Official acknowledgments from the U.S. government or military about the role of cyber capabilities in this level of detail are rare, but this disclosure was not wholly surprising. Cyber-enabled disruption has become standard practice in sophisticated military operations. In a recent Stimson Center commentary, I reflected on a similar acknowledgement concerning the capture of Venezuelan President Nicolás Maduro, as well as the fact that there was already some speculation in January about the potential for the U.S. to use its cyber capabilities in Iran.

What is significant is not just what cyber capabilities did in this operation but also what their open acknowledgment signals. The U.S. is no longer treating cyber as a covert adjunct to kinetic military force; it is being normalized as a visible and legitimate instrument of warfare. That normalization carries consequences: for deterrence, for accountability, and for escalation dynamics, including how adversaries will adapt.

Implications of the Iran Conflict for South Korea

By J. James Kim, Korea Program Director

In the immediate aftermath of the U.S. and Israel’s attack on Iran, South Korean presidential spokesperson released a press notice stating that President Lee Jae Myung ordered a full review of possible repercussions for South Korea and related countermeasures while prioritizing the safety of Korean nationals in the region. The two most immediate concerns for the South Korean authorities the safety of South Korean nationals in the region and the impact on its energy price and the broader economy.  

According to the latest statistic from the Overseas Korean Agency, there were approximately 17,823 South Korean nationals residing in the Middle East in 2025, most of whom (17,233) were there on temporary visa and an additional 368 students studying in the region. The statistic on travelers from South Korea is not readily available but some estimates show that about 295,000 South Koreans visited the region in 2025.  
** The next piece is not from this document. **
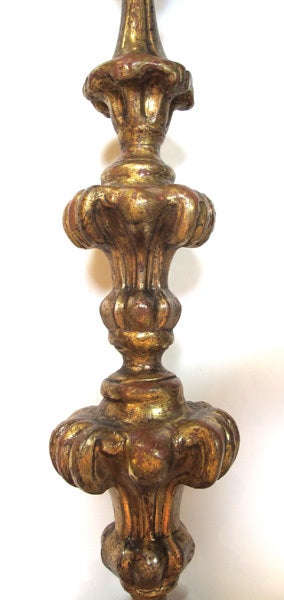 A Boldly-Scaled Italian Baroque Carved Giltwood Candlestick In Excellent Condition For Sale In San Francisco, CA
Second impact, which is likely to be more consequential for the South Korean economy can come from a constrained energy supply. South Korea imports almost all of its crude oil and natural gas from abroad with nearly 70% of crude and up to 30% of natural gas coming from the region. A quick review of the South Korean trade data shows that countries like Saudi Arabia, Kuwait, Iraq, Qatar, and UAE are important sources of crude while Oman and Qatar are crucial sources of natural gas.  

Figure 1. South Korean Import of Crude and Natural Gas from Gulf States, 2021-25 

According to the International Energy Agency (IEA), crude oil and natural gas account for over 56% of South Korea’s total energy mix, with oil taking up nearly 37% of total energy supply and natural gas 20%.  For power generation, 25% of electricity is produced from natural gas. 51% of crude is used to heat and cool buildings, run lights, devices and appliances, and power vehicles, machines and factories; a large portion is also refined and exported. The good news is that South Korea maintains nine strategic stockpiling bases, which currently hold over 100 million barrels of crude. With regards to LNG, South Korea has approximately 52 days worth of annual demand in storage as well. What this means is that as long as the conflict does not have a prolonged impact on the movement of cargoes across the Strait or Hormuz, South Korea will manage. But if the conflict drags on for a prolonged period with Strait of Hormuz being inaccessible to international shipping, there is likely to be a noticeable impact on South Korea’s ability to not only keep its lights on but also manufacture and export products as part of the global supply chain.